* **Items from a dataset**:
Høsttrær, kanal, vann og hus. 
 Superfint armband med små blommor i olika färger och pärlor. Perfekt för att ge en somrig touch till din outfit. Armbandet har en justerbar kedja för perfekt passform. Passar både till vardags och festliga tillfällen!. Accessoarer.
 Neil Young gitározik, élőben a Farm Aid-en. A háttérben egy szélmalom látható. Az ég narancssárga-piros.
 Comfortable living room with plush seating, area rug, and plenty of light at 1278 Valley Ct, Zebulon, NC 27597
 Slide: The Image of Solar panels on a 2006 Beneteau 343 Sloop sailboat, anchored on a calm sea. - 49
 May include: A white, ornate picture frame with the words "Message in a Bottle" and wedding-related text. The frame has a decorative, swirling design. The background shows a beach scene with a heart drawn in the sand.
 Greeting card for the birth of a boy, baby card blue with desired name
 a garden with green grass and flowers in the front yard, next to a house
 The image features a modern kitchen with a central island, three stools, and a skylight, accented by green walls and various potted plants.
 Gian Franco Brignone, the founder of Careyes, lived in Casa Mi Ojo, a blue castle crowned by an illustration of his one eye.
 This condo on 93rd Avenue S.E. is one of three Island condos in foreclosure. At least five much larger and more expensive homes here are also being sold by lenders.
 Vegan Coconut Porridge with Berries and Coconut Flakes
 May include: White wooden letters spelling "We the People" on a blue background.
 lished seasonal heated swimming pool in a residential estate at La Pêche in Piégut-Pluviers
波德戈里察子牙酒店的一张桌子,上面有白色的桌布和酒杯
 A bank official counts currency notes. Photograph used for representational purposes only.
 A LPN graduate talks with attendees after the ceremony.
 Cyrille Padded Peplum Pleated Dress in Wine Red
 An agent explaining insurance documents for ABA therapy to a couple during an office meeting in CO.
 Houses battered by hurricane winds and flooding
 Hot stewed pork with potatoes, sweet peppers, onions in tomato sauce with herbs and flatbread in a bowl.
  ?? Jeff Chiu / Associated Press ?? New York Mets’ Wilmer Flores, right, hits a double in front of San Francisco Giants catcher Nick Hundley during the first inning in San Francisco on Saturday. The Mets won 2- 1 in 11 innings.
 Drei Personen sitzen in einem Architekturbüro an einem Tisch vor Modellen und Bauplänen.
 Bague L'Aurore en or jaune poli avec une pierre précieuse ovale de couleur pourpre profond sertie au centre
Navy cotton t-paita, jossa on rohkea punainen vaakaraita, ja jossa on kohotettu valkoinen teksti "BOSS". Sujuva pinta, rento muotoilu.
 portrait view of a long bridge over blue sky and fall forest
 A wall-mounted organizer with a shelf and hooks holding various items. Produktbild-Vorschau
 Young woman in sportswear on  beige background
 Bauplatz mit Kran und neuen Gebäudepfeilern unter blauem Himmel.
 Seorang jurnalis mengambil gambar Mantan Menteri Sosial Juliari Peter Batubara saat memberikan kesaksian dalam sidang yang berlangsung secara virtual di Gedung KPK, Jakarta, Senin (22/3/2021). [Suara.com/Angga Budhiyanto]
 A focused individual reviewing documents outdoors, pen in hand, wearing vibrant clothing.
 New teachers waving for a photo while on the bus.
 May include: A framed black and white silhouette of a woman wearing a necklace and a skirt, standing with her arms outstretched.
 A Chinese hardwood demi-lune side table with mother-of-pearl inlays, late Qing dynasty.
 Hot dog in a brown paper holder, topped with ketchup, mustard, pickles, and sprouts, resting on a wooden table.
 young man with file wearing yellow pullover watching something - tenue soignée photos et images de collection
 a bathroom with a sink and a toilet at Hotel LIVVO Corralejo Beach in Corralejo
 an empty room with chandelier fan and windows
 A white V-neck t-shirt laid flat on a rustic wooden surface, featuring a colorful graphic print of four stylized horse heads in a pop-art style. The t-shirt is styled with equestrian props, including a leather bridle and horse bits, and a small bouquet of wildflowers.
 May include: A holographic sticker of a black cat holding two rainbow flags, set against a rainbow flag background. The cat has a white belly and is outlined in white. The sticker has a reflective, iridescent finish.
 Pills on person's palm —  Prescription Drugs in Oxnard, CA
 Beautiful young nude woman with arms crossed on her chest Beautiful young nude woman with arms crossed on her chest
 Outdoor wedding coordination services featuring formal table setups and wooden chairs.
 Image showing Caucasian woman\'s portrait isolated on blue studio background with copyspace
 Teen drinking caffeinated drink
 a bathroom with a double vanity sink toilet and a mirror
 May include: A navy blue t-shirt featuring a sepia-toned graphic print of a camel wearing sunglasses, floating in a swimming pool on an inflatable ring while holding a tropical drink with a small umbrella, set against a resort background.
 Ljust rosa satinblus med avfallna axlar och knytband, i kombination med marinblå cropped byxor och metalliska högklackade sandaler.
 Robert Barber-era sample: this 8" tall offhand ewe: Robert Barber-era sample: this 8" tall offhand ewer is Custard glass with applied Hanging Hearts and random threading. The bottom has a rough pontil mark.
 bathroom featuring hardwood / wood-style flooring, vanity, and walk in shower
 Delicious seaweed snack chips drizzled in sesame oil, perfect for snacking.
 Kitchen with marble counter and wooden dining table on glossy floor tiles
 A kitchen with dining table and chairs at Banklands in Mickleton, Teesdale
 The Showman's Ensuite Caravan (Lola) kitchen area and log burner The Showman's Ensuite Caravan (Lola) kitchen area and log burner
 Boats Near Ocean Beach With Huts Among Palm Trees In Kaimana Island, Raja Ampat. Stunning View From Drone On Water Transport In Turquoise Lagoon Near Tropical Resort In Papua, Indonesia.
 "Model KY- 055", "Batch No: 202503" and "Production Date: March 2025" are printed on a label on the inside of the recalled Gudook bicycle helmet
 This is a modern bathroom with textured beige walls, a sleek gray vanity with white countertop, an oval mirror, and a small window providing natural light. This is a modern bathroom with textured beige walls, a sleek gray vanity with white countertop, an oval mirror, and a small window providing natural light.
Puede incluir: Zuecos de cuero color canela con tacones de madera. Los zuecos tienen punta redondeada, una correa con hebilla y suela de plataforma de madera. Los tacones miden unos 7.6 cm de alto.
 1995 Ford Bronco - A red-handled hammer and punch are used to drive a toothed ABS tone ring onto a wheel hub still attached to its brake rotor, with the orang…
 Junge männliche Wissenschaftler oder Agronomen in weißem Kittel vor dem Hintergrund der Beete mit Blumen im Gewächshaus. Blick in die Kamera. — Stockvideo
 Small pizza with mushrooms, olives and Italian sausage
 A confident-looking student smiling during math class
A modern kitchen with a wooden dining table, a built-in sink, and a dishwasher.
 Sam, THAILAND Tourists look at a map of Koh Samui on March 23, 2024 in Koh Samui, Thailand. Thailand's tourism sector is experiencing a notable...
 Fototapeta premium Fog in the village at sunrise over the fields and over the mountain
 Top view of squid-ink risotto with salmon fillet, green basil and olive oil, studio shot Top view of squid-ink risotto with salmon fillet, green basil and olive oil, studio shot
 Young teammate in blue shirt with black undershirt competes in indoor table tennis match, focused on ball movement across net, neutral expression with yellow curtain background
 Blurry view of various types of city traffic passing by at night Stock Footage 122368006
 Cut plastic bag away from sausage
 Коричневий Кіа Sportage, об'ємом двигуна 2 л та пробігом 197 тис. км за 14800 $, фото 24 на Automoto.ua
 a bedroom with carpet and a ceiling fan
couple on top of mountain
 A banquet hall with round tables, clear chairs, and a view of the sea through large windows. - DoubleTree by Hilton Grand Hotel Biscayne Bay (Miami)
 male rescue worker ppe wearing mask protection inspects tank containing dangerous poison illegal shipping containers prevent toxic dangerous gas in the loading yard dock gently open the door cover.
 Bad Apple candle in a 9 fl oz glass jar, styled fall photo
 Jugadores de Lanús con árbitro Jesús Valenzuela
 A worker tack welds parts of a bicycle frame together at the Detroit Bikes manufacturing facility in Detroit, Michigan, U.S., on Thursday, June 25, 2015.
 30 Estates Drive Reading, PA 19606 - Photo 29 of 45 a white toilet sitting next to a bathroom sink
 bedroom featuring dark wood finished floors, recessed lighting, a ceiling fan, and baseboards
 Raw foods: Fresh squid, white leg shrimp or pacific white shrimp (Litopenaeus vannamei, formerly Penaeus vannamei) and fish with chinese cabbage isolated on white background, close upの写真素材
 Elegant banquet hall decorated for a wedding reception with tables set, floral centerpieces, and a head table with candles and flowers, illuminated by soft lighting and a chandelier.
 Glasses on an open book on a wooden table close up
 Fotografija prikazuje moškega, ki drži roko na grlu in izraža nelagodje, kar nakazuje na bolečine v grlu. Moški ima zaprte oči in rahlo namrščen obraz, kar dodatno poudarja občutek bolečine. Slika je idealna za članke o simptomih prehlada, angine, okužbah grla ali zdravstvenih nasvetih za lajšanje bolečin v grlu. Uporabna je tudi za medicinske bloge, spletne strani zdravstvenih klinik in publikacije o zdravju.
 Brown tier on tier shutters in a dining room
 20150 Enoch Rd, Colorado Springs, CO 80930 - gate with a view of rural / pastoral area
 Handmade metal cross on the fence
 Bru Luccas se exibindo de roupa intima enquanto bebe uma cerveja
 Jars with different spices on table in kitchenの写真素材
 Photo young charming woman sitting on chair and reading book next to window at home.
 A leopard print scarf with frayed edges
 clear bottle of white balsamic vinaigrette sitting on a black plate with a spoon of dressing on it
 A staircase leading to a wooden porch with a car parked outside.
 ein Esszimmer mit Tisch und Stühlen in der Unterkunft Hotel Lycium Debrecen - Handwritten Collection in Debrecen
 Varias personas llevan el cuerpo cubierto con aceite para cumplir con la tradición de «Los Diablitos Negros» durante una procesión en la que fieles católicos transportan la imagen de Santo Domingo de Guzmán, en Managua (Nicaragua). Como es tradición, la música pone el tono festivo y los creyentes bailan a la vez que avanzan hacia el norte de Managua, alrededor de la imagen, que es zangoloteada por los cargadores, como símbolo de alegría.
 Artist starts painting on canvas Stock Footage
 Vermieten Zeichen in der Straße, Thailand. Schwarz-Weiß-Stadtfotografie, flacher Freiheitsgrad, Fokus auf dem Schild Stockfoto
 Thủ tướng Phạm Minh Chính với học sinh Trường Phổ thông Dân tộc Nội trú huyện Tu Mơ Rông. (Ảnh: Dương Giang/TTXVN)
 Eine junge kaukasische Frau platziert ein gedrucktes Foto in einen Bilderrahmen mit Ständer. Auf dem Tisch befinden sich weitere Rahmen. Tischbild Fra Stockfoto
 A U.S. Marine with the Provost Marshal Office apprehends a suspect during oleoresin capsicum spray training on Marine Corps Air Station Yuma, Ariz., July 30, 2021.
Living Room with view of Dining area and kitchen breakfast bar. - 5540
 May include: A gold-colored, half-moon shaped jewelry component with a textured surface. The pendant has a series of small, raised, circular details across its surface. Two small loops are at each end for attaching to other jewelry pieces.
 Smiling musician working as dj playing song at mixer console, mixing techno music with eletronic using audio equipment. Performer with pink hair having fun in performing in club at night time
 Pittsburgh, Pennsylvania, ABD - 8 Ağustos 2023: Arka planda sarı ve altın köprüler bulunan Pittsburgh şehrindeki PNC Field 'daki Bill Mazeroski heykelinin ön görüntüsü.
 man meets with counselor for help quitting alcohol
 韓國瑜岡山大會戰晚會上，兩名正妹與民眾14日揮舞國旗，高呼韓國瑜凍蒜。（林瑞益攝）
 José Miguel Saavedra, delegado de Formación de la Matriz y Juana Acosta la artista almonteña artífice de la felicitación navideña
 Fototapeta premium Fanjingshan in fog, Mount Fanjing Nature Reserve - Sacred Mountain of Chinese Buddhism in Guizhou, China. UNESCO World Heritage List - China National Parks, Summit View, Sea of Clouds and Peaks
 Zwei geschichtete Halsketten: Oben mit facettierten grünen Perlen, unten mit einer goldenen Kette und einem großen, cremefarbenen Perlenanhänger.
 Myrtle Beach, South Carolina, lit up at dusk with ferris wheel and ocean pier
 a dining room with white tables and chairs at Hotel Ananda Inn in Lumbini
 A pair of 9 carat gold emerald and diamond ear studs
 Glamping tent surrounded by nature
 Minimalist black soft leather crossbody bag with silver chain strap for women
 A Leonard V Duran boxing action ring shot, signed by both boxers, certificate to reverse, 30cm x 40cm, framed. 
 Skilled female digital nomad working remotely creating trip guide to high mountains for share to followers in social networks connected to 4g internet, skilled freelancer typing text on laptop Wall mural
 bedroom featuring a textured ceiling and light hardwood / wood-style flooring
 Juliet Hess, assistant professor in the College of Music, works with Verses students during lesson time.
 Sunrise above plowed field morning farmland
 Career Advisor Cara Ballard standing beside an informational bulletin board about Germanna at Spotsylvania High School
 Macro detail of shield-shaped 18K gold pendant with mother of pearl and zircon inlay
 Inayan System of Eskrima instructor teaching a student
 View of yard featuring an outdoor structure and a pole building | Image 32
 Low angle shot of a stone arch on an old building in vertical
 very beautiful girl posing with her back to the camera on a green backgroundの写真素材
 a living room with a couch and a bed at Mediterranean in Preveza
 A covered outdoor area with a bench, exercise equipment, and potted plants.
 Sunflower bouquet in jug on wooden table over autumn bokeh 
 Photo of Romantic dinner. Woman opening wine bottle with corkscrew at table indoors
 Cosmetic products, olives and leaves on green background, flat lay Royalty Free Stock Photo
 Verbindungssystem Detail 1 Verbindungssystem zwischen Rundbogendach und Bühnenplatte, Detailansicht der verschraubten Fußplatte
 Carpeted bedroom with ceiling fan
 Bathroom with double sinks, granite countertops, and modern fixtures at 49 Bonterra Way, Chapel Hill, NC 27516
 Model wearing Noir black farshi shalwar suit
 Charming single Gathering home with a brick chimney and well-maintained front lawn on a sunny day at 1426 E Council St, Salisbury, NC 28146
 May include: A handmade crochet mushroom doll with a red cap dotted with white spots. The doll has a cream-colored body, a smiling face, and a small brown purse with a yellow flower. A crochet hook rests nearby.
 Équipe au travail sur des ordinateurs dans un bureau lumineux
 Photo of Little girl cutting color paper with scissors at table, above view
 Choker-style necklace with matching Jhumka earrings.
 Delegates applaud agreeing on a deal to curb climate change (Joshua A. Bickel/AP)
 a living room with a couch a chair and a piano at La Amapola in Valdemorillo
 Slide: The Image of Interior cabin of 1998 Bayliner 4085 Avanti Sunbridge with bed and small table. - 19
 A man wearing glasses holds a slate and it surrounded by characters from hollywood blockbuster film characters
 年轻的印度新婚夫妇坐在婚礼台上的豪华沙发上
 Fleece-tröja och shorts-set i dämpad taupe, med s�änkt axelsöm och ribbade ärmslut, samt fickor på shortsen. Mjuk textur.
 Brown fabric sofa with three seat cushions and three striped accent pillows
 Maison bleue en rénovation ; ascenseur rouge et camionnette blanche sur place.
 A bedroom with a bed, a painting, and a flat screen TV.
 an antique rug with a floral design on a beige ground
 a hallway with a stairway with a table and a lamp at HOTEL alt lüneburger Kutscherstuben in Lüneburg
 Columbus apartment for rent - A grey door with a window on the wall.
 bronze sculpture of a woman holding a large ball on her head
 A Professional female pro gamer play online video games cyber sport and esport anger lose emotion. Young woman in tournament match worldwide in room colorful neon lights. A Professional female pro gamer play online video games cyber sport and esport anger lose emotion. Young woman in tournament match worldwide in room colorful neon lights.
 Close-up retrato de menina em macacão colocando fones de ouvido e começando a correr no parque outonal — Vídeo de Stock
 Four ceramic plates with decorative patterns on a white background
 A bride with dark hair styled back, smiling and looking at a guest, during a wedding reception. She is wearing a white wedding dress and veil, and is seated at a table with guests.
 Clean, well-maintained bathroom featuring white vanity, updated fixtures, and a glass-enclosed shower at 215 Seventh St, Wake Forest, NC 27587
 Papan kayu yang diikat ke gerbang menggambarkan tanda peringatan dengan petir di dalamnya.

* **Task to complete**: Above are the records. Print exactly, and only, the lines from the line with "A leopard print scarf with frayed edges" to the line with "Thủ tướng Phạm", both inclusive.

* **Response to this exercise**:
 A leopard print scarf with frayed edges
 clear bottle of white balsamic vinaigrette sitting on a black plate with a spoon of dressing on it
 A staircase leading to a wooden porch with a car parked outside.
 ein Esszimmer mit Tisch und Stühlen in der Unterkunft Hotel Lycium Debrecen - Handwritten Collection in Debrecen
 Varias personas llevan el cuerpo cubierto con aceite para cumplir con la tradición de «Los Diablitos Negros» durante una procesión en la que fieles católicos transportan la imagen de Santo Domingo de Guzmán, en Managua (Nicaragua). Como es tradición, la música pone el tono festivo y los creyentes bailan a la vez que avanzan hacia el norte de Managua, alrededor de la imagen, que es zangoloteada por los cargadores, como símbolo de alegría.
 Artist starts painting on canvas Stock Footage
 Vermieten Zeichen in der Straße, Thailand. Schwarz-Weiß-Stadtfotografie, flacher Freiheitsgrad, Fokus auf dem Schild Stockfoto
 Thủ tướng Phạm Minh Chính với học sinh Trường Phổ thông Dân tộc Nội trú huyện Tu Mơ Rông. (Ảnh: Dương Giang/TTXVN)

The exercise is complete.